We got a bus to hotel we were staying out and dropped things off and going out to explore a little.  Cusco is culturally very important as it was the capital of the Inca Empire, but its also a convenient place for hikers to acclimate to the elevation before moving on to more strenuous things.  It's around 3400m (11,150 ft) above sea level and considerably cooler than Lima.




The tourist influence is pretty evident in Cusco as the central plaza (Plaza de Armas) accommodates a KFC and a McDonalds, and the central area is full of little touristy shops selling Peruvian souvenirs and hiking equipment.  Despite these the city still has a very old-world feel and remnants of both Inca and Spanish periods are everywhere. We were there over Easter, which they celebrated in part by marching crosses and a Jesus replica from church to church around town.








Near the city center are the old Inca walls, including the strangely famous 12-sided stone.  Like the pyramids in Egypt the stonework is impressive for the tight precision of each stone fitting into the next, and without the aid of modern machinery to carve them.  The 12-sided stone is just the most noted because it shows off how each stone is so perfectly set.





A few other buildings of note are the Convent of St. Dominic which doubles as the Cusco Museum and the Church of la Compañía de Jesus which houses some colonial art.





To help everybody get used to the altitude we did a hike up into the hills at the fringe of the city, climbing past the old Inca ruins of Saksaywaman and finally up to Cristo Blanco, which is a smaller Christ the Redeemer that stands above the city.  I always like this sort of small climb outside of cities, and this one gave a really nice view of the city below and the surrounding landscape.  Also, this short venture let me see the first of many llamas and alpacas in Peru.









We also stopped by the cental market, Mercado Central de San Pedro, which was... an experience.  I'm always fascinated by all the bustling markets of the world, but indoors I found this one similar to many of the others, and outdoors, where most of the action was happening, things were too chaotic/crowded for me to really enjoy.
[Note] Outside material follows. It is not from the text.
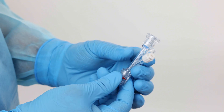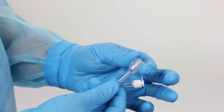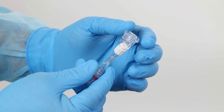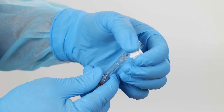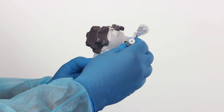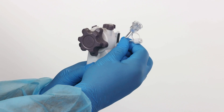Prior to using the Y port adapter, visually inspect the adapter and ensure the working channel port is open. To use the injection aspiration port of the Y port adapter, remove the Luer lock cap. Use the Luer connector to connect the desired injection or aspiration source. If desired, connect the Y port adapter to the working channel port on the IMAX scope handle.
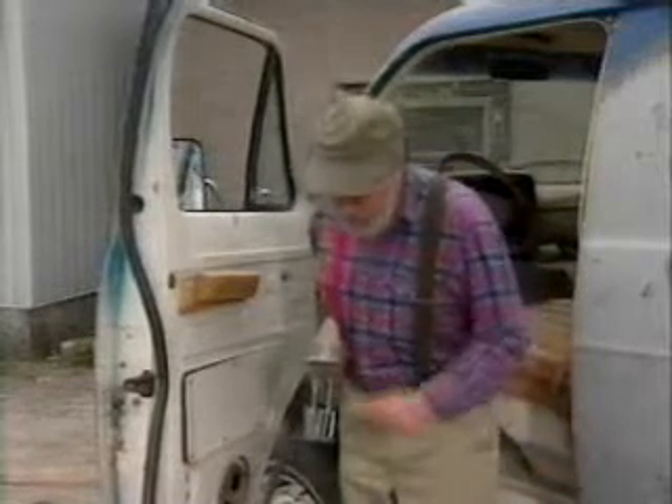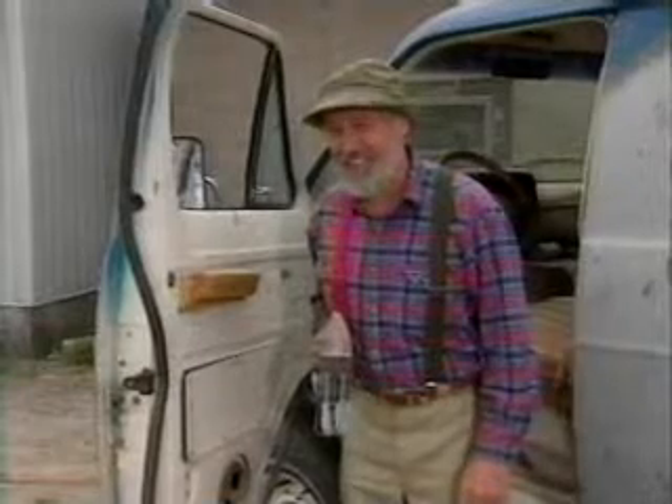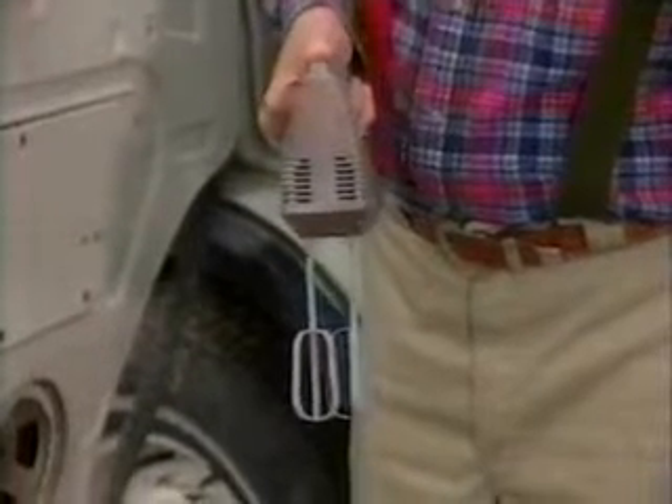You ever notice on these how the blades go in opposite directions? Remember that — I'm going to be referring back to that later on. These are real cheap, especially if the blades are missing.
The only other location of note is Jack's Cafe, an Australian/Peruvian restaurant that was quickly established as everybody's favourite place to eat.  So maybe it didn't have the most traditional Peruvian menu, but everything we ate there was amazing.  (For the record, the Jack's Cafe burger is definitely in my top 5 of the world, maybe even top 3).

Now that we were used to the elevation and had gotten to know each other it was time to travel deeper into the Inca heartland...

Thursday, July 17, 2014

Days 364-369: Lima to Cusco

Things in South America started off a bit rough. By the time my flight got into Lima it was already dark out, and none of the ATMs in the airport accepted my credit card to get cash out. Since I knew I was going to be arriving late I'd booked a hostel for the first night near the airport, so after being unable to figure out any way to get money I decided to just walk from the airport to the place and try to figure it out there. I'd been warned by multiple people that Lima is one of those cities that you really need to be careful of as a tourist as there is a lot of crime, and walking with all my things through an industrial part of Lima late at night felt a little sketchy, but I didn't have any trouble. The hostel itself was well camoflaged and I had to buzz it to get somebody to come let me in. Luckily they were quite accomodating about the money and said I could pay when I checked out.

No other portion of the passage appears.